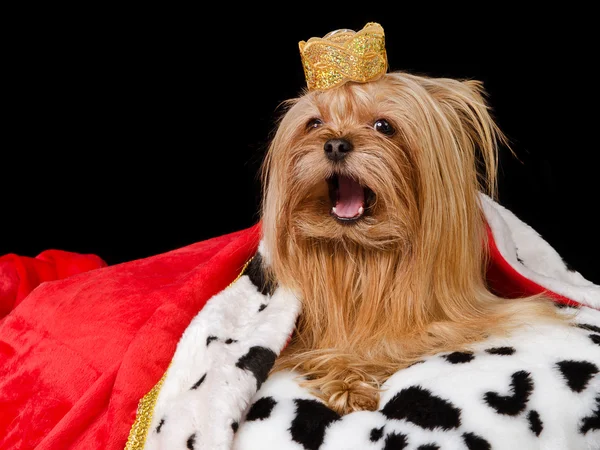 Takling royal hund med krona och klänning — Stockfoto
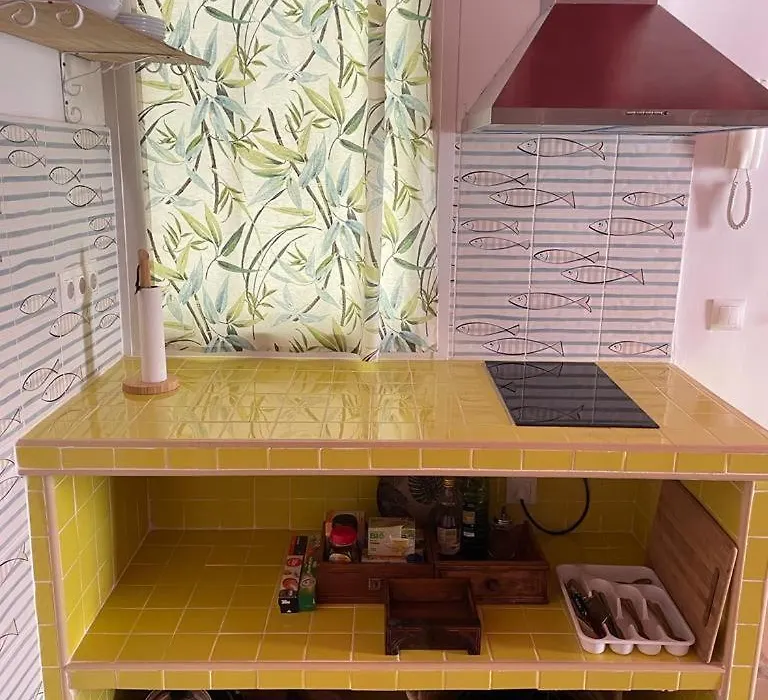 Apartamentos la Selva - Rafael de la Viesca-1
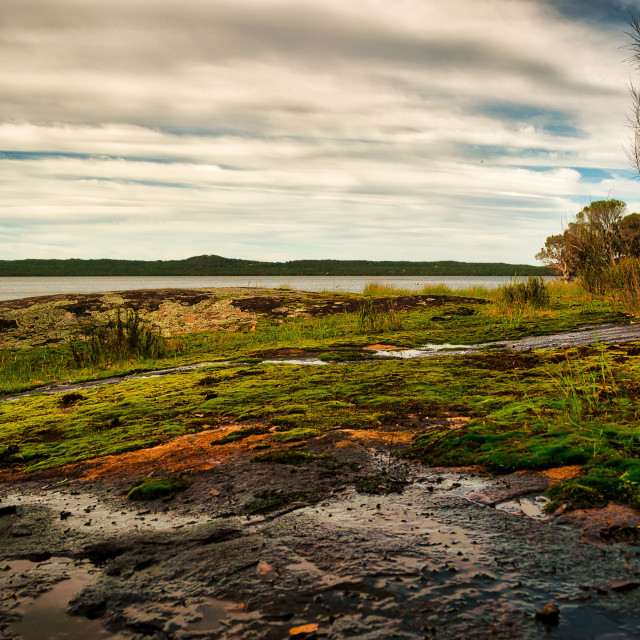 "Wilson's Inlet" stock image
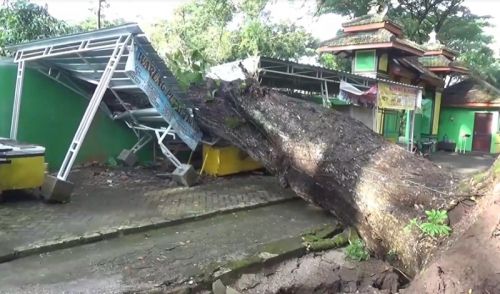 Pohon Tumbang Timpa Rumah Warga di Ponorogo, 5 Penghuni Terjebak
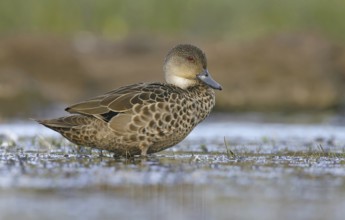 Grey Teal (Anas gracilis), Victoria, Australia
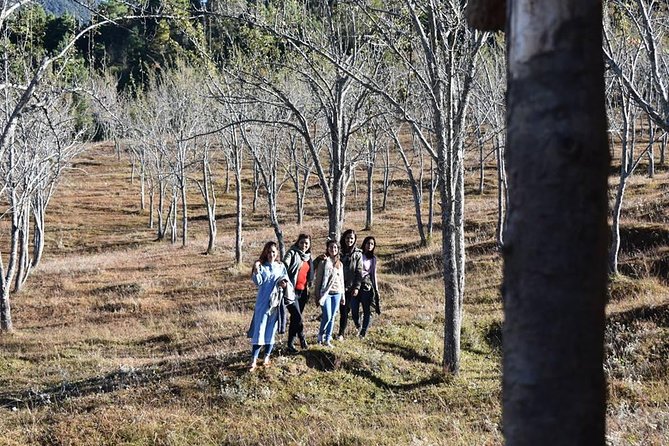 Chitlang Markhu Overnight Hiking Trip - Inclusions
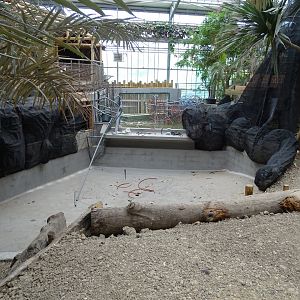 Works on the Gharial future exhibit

------------------------------

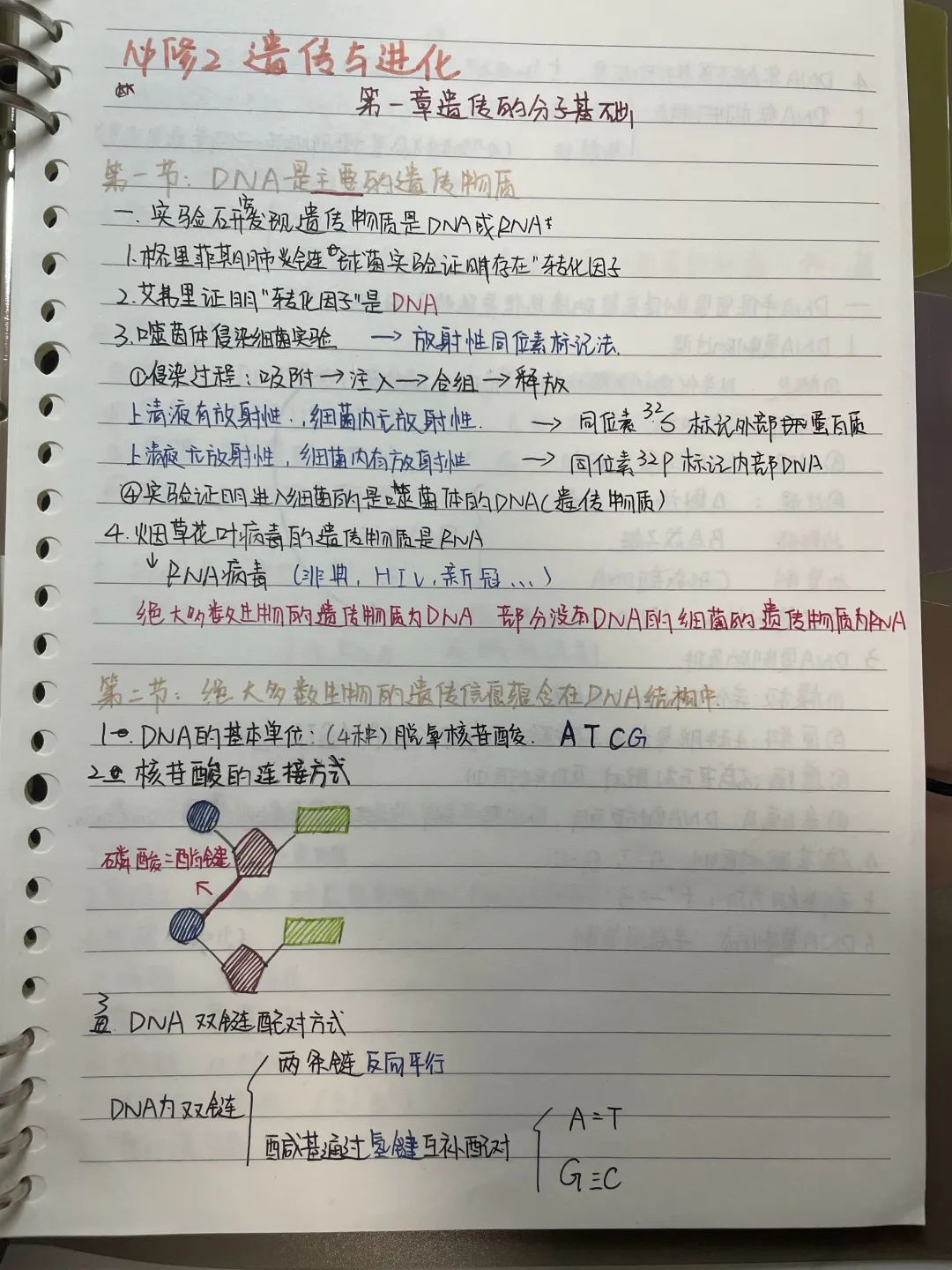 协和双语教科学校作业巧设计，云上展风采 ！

------------------------------

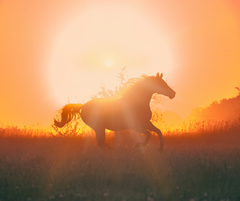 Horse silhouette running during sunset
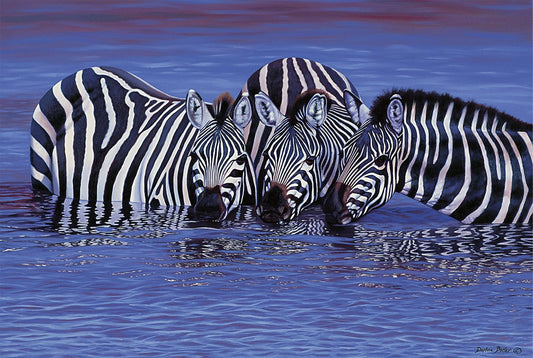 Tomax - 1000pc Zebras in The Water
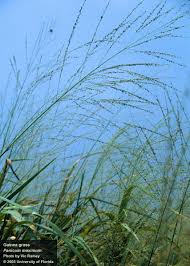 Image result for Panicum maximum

------------------------------

* _Problem statement_: Reproduce the data above exactly, but only from the line containing "Tomax - 1000pc Zebras in The Water" through the line containing "Image result for Panicum maximum"; skip the pictures.

* _Response area_:
 Tomax - 1000pc Zebras in The Water
 Image result for Panicum maximum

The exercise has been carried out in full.